1

I'm working on a Spark application in which I have an RDD[Array[Array[Float]] and I'd like to convert it into an RDD[Float]. I'm having the following code to do this task for me:

val values = predictions.flatMap { x => (for(y <- 0 to x.length - 1) yield x(y)).map(c => c(0)) }    

However I don't know whether the order of elements are changed after using flatMap or not? If so, is there any other solution that remain the order of elements intact?

HHH
  • 6,085
  • 20
  • 92
  • 164

2 Answers2

7

Yes, flatMap keeps the order intact. So do map, filter, etc.

Alexey Romanov
  • 167,066
  • 35
  • 309
  • 487
  • So let'say my original rdd looks loke this : rdd([[1,2],[3,4],[5,6]]), after the applying my transformation I will get Rdd(1,2,3,4,5,6). Is that correct? – HHH Jun 24 '16 at 13:43
  • Not really. But I don't know if the situation should be included. Consider this [code snippet](https://scastie.scala-lang.org/jrOA5IUQRiatUe63DVbXfw). Since the `flatMap` is applied on a `Set`, there's no order to preserve. – Max Wong Dec 17 '20 at 21:34
  • @YanqiHuang The question is about `flatMap` on `RDD`. – Alexey Romanov Dec 17 '20 at 23:54
  • @AlexeyRomanov Oh. My bad. That was a blunder. Thanks for pointing that out :) – Max Wong Dec 18 '20 at 15:50
1

I have looked into the Spark source code.

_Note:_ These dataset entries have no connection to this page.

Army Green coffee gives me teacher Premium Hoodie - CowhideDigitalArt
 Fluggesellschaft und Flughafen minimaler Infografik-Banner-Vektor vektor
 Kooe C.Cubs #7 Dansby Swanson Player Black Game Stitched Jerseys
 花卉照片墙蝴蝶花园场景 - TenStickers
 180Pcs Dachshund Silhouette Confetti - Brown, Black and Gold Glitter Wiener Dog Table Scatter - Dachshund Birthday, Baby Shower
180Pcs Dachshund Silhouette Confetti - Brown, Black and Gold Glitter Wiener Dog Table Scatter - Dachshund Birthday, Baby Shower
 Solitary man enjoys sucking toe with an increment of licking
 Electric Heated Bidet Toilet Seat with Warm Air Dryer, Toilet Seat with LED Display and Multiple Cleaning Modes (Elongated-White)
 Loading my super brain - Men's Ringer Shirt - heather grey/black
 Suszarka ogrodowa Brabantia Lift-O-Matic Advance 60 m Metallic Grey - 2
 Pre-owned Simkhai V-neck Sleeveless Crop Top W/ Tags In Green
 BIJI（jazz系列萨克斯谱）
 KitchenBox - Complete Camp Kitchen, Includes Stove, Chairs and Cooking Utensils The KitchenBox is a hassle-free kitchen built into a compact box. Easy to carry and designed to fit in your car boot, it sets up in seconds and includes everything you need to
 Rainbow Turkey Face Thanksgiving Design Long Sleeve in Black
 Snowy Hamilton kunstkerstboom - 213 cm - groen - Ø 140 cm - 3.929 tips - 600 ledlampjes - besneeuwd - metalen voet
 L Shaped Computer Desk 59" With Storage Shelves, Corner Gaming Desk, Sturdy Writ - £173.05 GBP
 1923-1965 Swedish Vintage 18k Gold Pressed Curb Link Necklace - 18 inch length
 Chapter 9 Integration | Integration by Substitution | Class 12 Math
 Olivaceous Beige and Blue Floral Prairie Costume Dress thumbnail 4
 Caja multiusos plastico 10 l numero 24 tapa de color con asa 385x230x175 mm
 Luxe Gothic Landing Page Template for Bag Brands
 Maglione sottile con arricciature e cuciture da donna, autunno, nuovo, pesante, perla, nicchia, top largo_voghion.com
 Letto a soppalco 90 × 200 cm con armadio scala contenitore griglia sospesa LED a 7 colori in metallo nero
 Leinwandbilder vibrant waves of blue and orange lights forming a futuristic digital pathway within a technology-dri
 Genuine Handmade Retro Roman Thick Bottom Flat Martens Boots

def flatMap[U: ClassTag](f: T => TraversableOnce[U]): RDD[U] = withScope {
    val cleanF = sc.clean(f)
    new MapPartitionsRDD[U, T](this, (context, pid, iter) => iter.flatMap(cleanF))
}

and

private[spark] class MapPartitionsRDD[U: ClassTag, T: ClassTag](
    var prev: RDD[T],
    f: (TaskContext, Int, Iterator[T]) => Iterator[U],  // (TaskContext, partition index, iterator)
    preservesPartitioning: Boolean = false)
  extends RDD[U](prev) {

  override val partitioner = if (preservesPartitioning) firstParent[T].partitioner else None

  override def getPartitions: Array[Partition] = firstParent[T].partitions

  override def compute(split: Partition, context: TaskContext): Iterator[U] =
    f(context, split.index, firstParent[T].iterator(split, context))

  override def clearDependencies() {
    super.clearDependencies()
    prev = null
  }
}

The order of data should remain intact but some repartitioning may take place and this may or may not bother you (depending on what you are doing).

sebszyller
  • 853
  • 4
  • 10